Laurie plays the insulting, yet brilliant Dr. Gregory House with a spot on American accent and in a take no prisoners fashion---right down to his crippling leg injury and his irascible disposition. We found out more about where that disposition came from in last week's episode, "Birthmarks," when House was literally forced to return home for his father's funeral.
***Warning Spoilers Ahead***
By the end of the episode, we learned the man in the casket wasn't really House's father. Though House appears to minimize his mother's betrayal in favor of the acute hatred he had for his "father," my dime store psychology says, Mommy's indiscretion is the key to House's lack of healthy relationships with women.
And yet the damage Mommy did was nothing compared to the betrayal by the love of his life, Stacy Warner (Sela Ward).
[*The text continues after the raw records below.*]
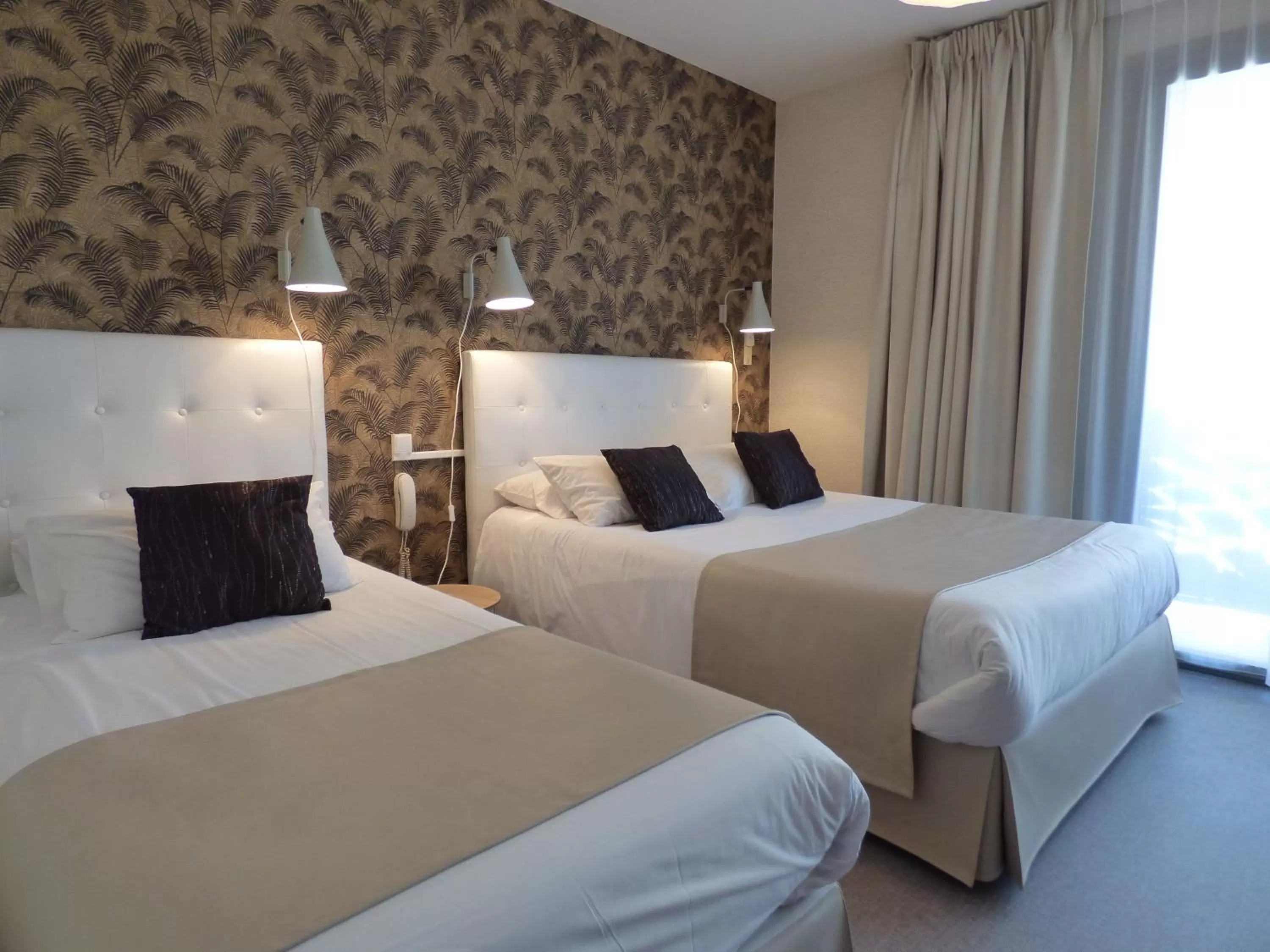 Bed in Cit'Hotel L'Etape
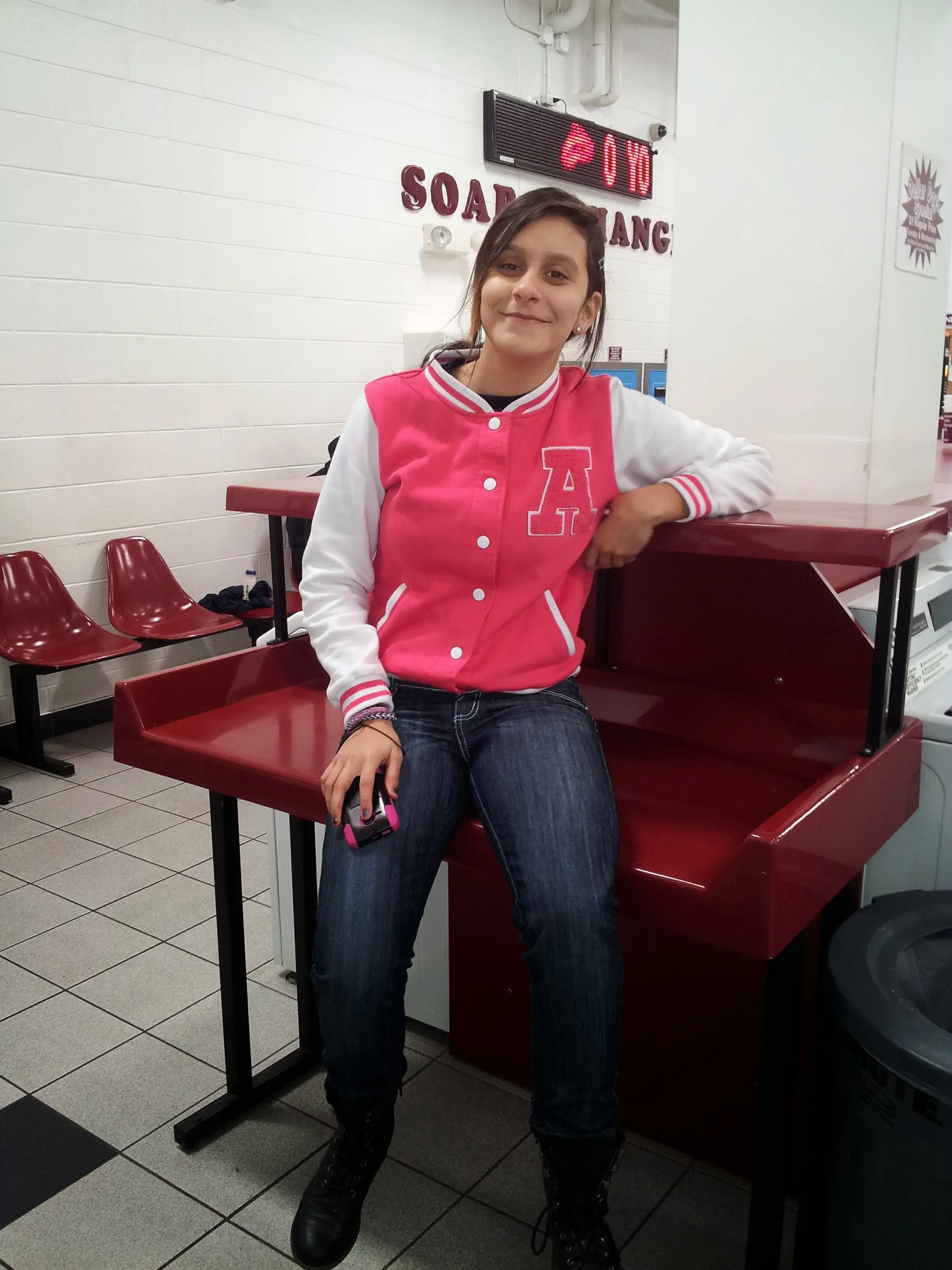 Emmaus Avenue Laundromat - Image 13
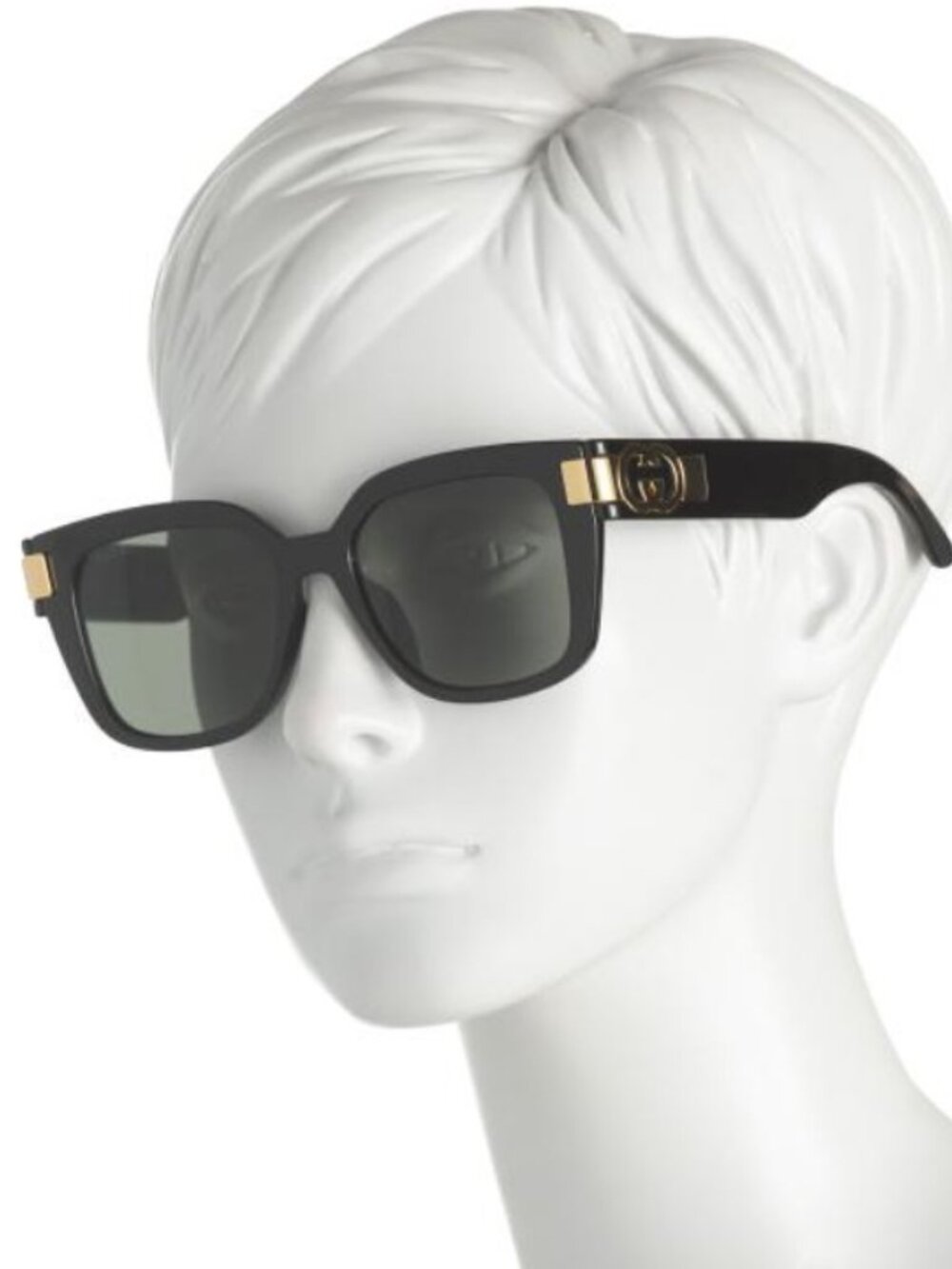 Gucci, 54mm square sunglasses almost brand new!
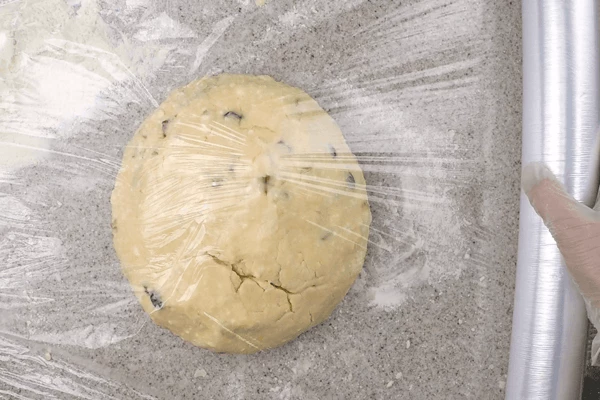 Оставить на 15 минут «отдохнуть» под пищевой пленкой.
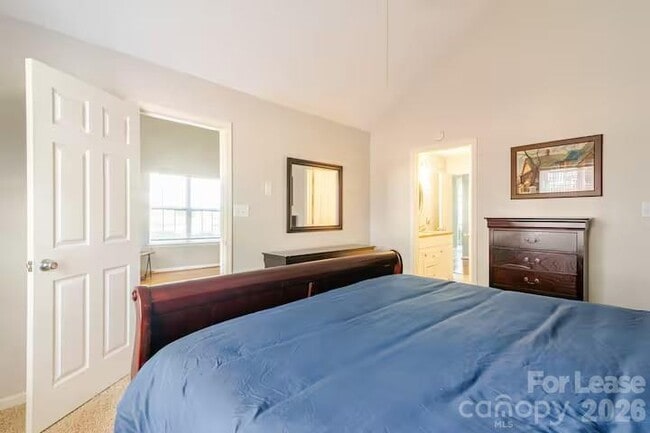 Building Photo - 8263 Southgate Commons Dr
In the excellent second first season episode, "Three Stories" we find out House's disability and severe chronic pain were caused by Stacy's decision, against House's wishes, to have doctors try to save his leg from amputation with a procedure that left him a cripple.
It was that duplicity that severed House's emotional ties to women for good. As proof: he gets his sex from prostitutes and his closest female associate, his boss Dr. Cuddy (Lisa Edelstein pictured left) is a woman whose power he has to try and blunt every chance he gets.
Cuddy in turn uses House's own unorthodox methods against him to get what she wants and what she thinks he needs. Remember his Dad's funeral? Well, Cuddy drugs House so that his estranged friend, Wilson can kidnap him and force him to attend the funeral.
Then there are House's female underlings. The original was the vulnerable Cameron (Jennifer Morrison, pictured above with Hugh Laurie), whose obvious crush on House gave him the kind of power he loved. She might as well have been a puppy snapping at his heels with a "Kick Me" sign plastered on her back.
To her, House was a wounded bird who needed the nurturing and care of a good woman and for a long time she thought that woman was her. But since House is an expert at discerning people's weaknesses and using them to his advantage, Cameron's history as the widow of a man she only married because he was dying of cancer was all House needed to make sure she stayed in her place. Eventually Cameron toughened up and smartened up and when House fired her, she made the best of a good situation.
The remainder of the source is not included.